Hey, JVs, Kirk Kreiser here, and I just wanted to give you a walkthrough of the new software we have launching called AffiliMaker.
_ _ _
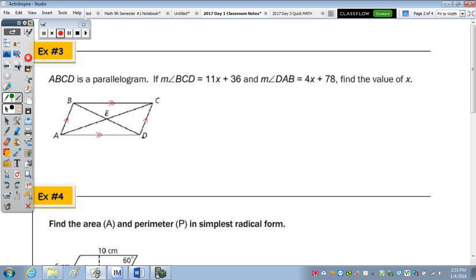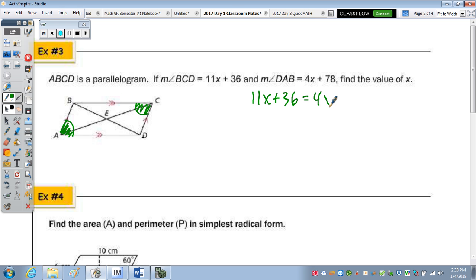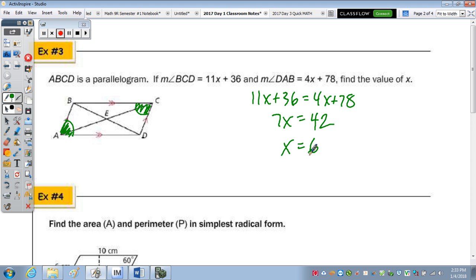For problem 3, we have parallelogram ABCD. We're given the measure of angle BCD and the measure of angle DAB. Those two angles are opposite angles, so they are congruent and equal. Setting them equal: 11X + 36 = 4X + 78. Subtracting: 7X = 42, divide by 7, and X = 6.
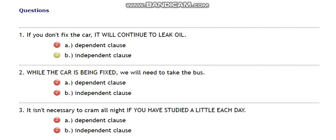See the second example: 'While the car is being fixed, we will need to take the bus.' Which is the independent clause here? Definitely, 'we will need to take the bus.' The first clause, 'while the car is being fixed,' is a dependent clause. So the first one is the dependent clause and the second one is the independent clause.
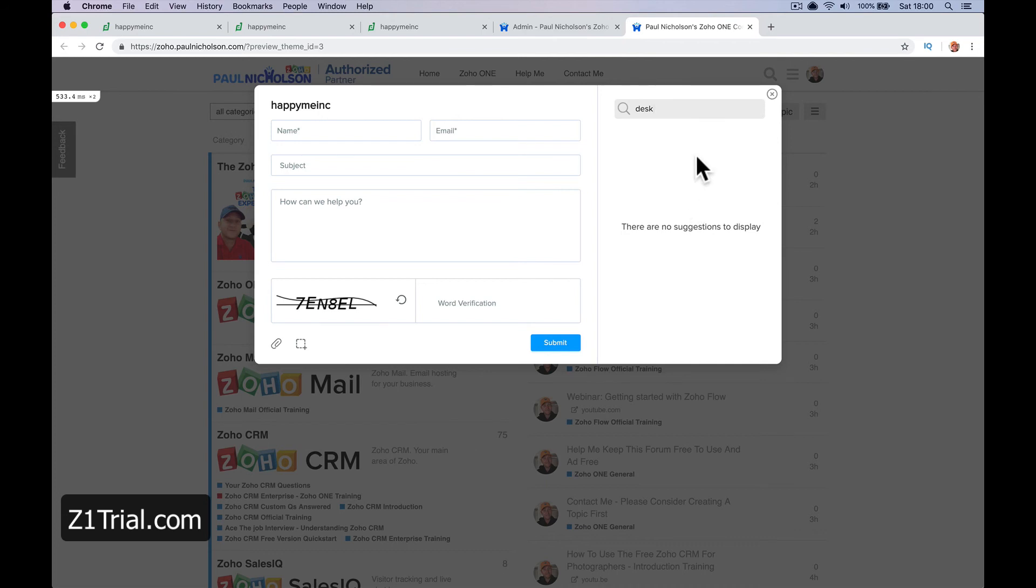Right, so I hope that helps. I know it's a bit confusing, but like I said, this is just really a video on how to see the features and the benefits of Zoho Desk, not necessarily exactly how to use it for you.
_ _ _
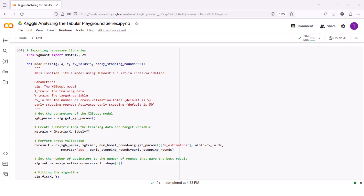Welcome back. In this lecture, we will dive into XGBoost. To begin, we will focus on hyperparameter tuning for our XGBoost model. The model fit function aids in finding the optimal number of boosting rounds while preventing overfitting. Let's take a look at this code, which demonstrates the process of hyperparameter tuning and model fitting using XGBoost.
_ _ _
*TASK DETAILS*:
Pictures do not belong in the answer. Return the lines above starting at the one with "For problem 3, we" and ending at the one with "See the second", both kept, exactly.

*YOUR RESPONSE*:
For problem 3, we have parallelogram ABCD. We're given the measure of angle BCD and the measure of angle DAB. Those two angles are opposite angles, so they are congruent and equal. Setting them equal: 11X + 36 = 4X + 78. Subtracting: 7X = 42, divide by 7, and X = 6.
See the second example: 'While the car is being fixed, we will need to take the bus.' Which is the independent clause here? Definitely, 'we will need to take the bus.' The first clause, 'while the car is being fixed,' is a dependent clause. So the first one is the dependent clause and the second one is the independent clause.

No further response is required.